• Exercise directions: Every line in the records below between the one holding "Vente - LOCAL D'ACTIVITE 1750 m 2" and the one holding "2020 GMC Terrain SLE 3", inclusive, is to be set down exactly; all other lines are to be left out.

[Opening Supplied records section]

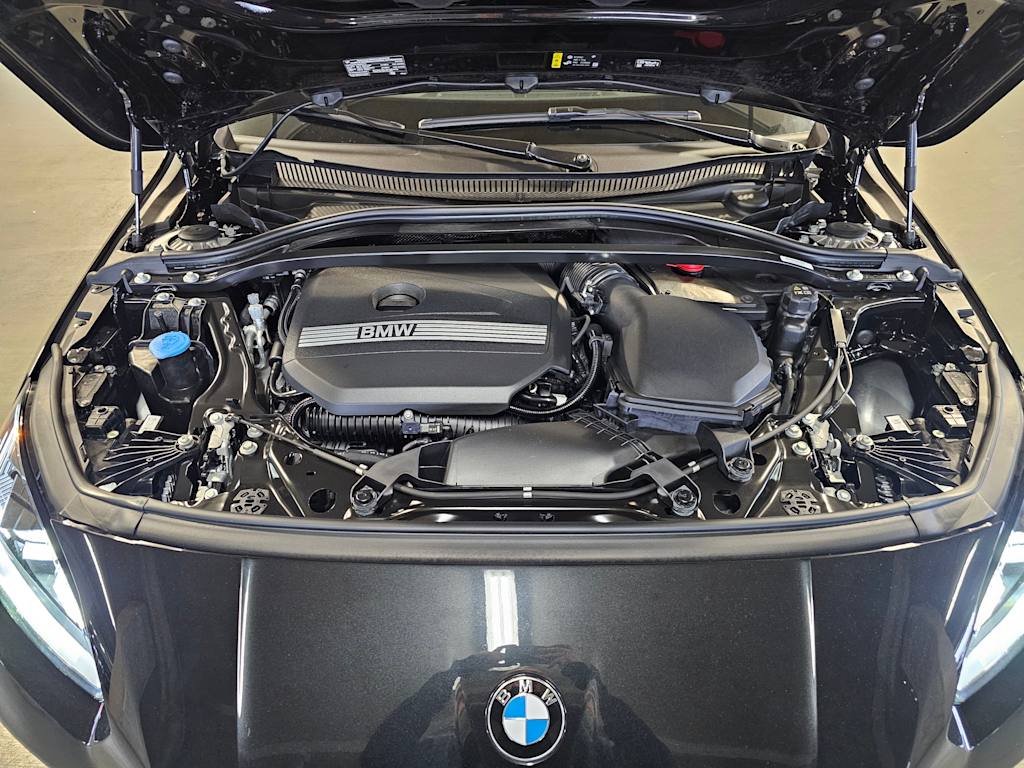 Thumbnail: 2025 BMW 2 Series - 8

[Closing Supplied records section]
[Opening Supplied records section]

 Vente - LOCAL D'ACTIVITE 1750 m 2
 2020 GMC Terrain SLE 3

[Closing Supplied records section]

• Result below:
 Vente - LOCAL D'ACTIVITE 1750 m 2
 2020 GMC Terrain SLE 3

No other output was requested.